Ces idées seront affirmées publiquement, dès le soir même, à la fête qui sera donnée, à bord du Paris, à la haute société new-yorkaise.

Il y a quelque chose qu’ils ne disent pas, mais que nous reconnaîtrons bientôt : cette situation est également celle des Canadiens anglais, eux aussi Anglais de cœur, c’est entendu, mais devenus Canadiens avant tout. Il est certain que le Canada marche à l’indépendance totale. Le pouvoir de l’Angleterre sur ce pays est purement nominal ; il se gouverne lui-même et son Conseil des ministres est souverain. Le gouverneur général est anglais ; les gouverneurs de provinces sont soit d’origine canadienne, soit d’origine anglaise, et il serait impossible aux uns comme aux autres d’agir autrement que dans l’intérêt direct et immédiat du Canada.

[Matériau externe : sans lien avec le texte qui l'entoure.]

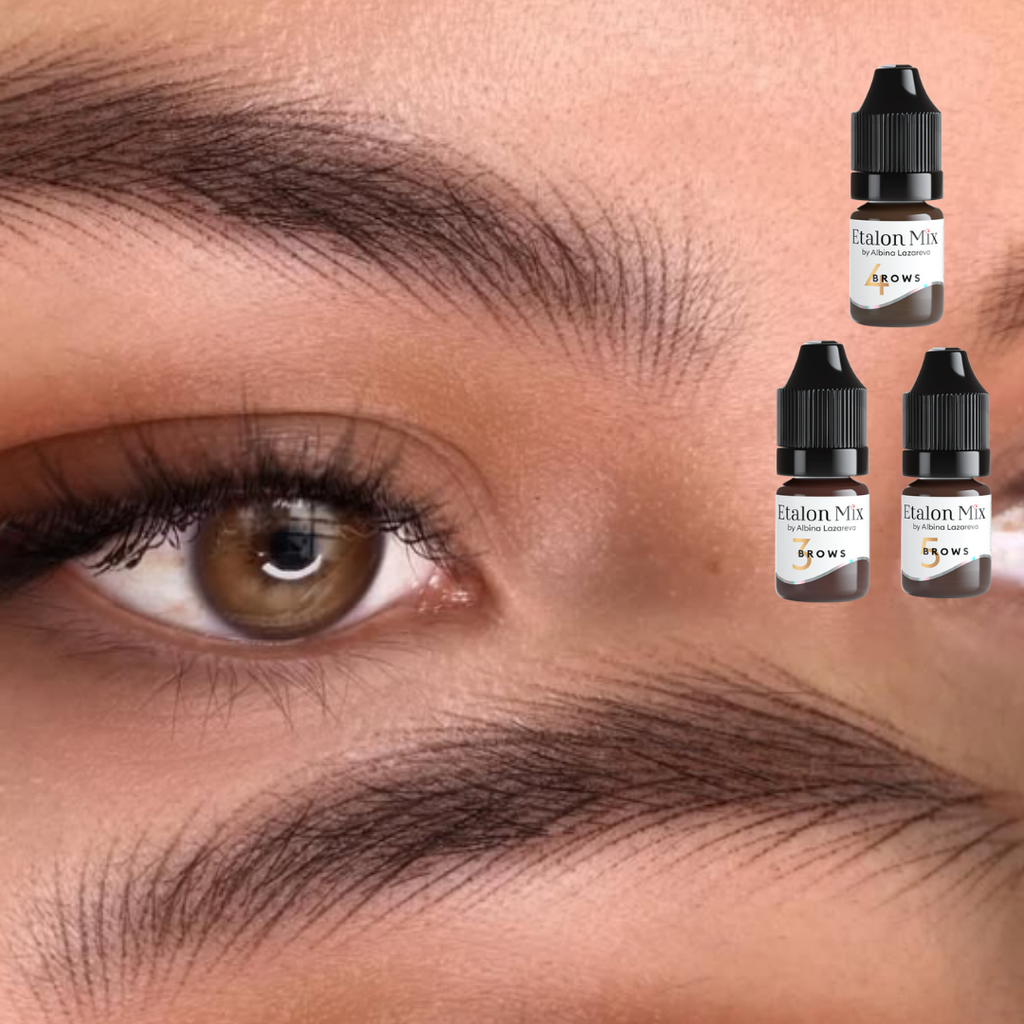 Pigmento PMU Etalon Mix Brows 4 Light Brown para cejas rubias cabellos grises piel madura y resultado marrón claro natural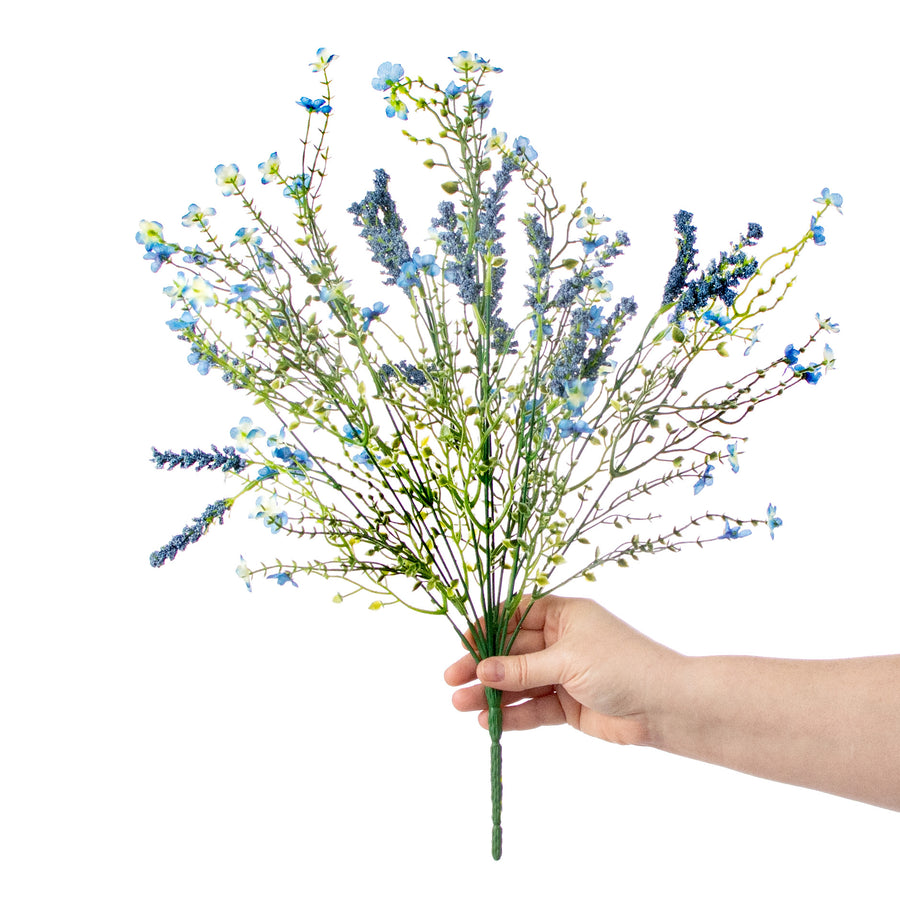 18" Baby's Breath & Lavender Filler Bush: Blue detail photo 3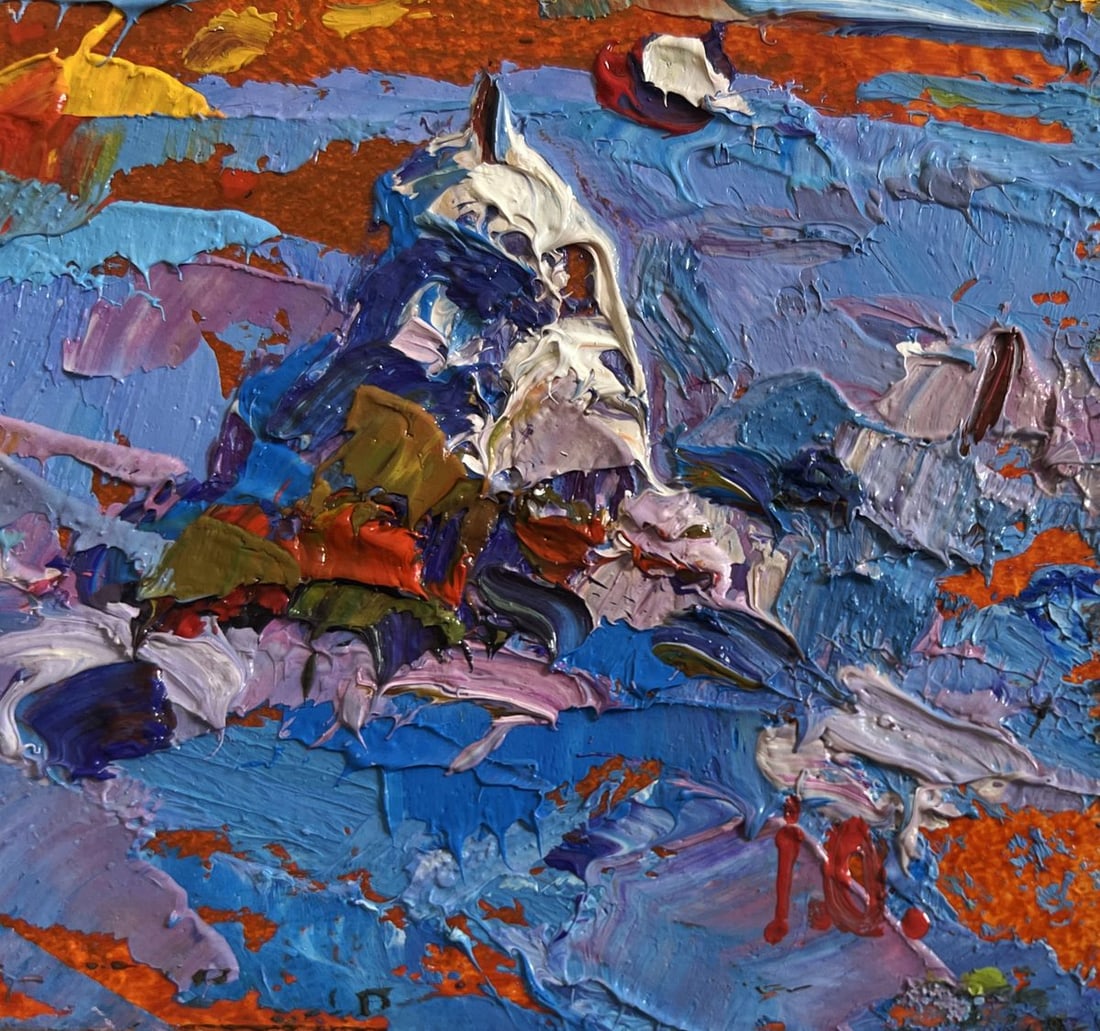 Oil painting Frosty day in the field Alex Kalenyuk - 7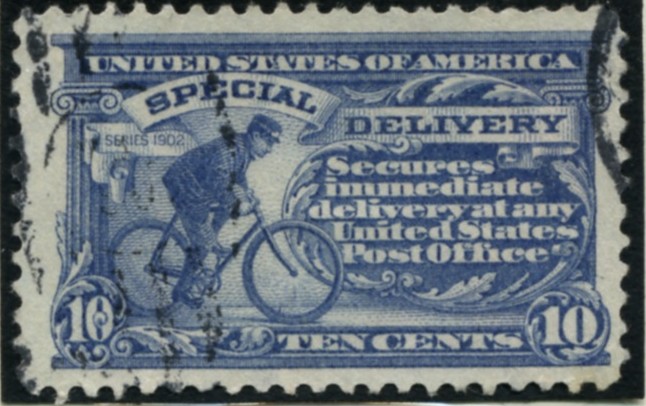 Scott E11 10 Cent Special Delivery Stamp Bicycle Messenger a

À noter que les forces anglaises qui occupent cette énorme étendue de territoires, plus grande que l’Europe, ne dépassent pas cinq régiments ! tout juste de quoi fournir des gardes d’honneur aux gouverneurs.

Chose curieuse, les races anglaise et française qui forment le peuple canadien ne se mélangent pas ; elles se développent parallèlement en restant distinctes, chacune gardant sa langue, ses mœurs et ses usages.